The encyclical letter Laudato Si is available here on the Vatican website. St John Paul gives us guidance today, rooted in the impulse of the Second Vatican Council:
127. We are convinced that “(humankind) is the source, the focus and the aim of all economic and social life”.[Gaudium et Spes 63.]
Without stepping aside from the impulse of the culture, we can be seduced by its false and abusive approach to work:
Nonetheless, once our human capacity for contemplation and reverence is impaired, it becomes easy for the meaning of work to be misunderstood.[Centesimus Annus 37]

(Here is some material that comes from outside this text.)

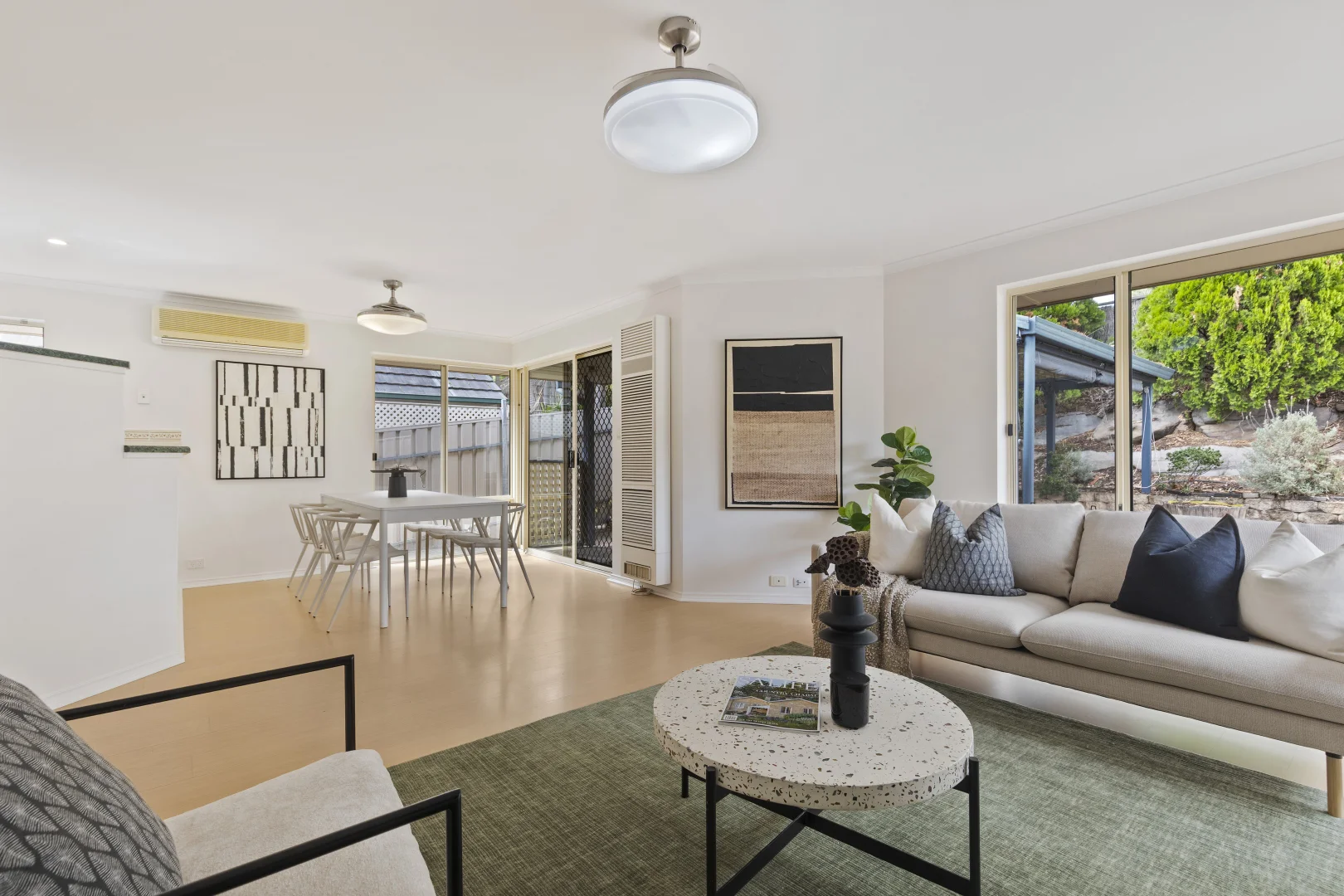 Additional image 3 of 30 Moorfield Mews, Aberfoyle Park SA 5159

Properly understood, work does more than develop material assets:
We need to remember that men and women have “the capacity to improve their lot, to further their moral growth and to develop their spiritual endowments”.[Populorum Progressio 34]
Speaking from the inspiration of his second predecessor, consider Pope Francis’ list …
Work should be the setting for this rich personal growth, where many aspects of life enter into play:
- planning for the future,
- developing our talents,
- living out our values,
- relating to others,
- giving glory to God.
Pope Benedict seems unsatisfied with unemployment rates of any size:
It follows that, in the reality of today’s global society, it is essential that “we continue to prioritize the goal of access to steady employment for everyone”,[Caritas in Veritate 32] no matter the limited interests of business and dubious economic reasoning.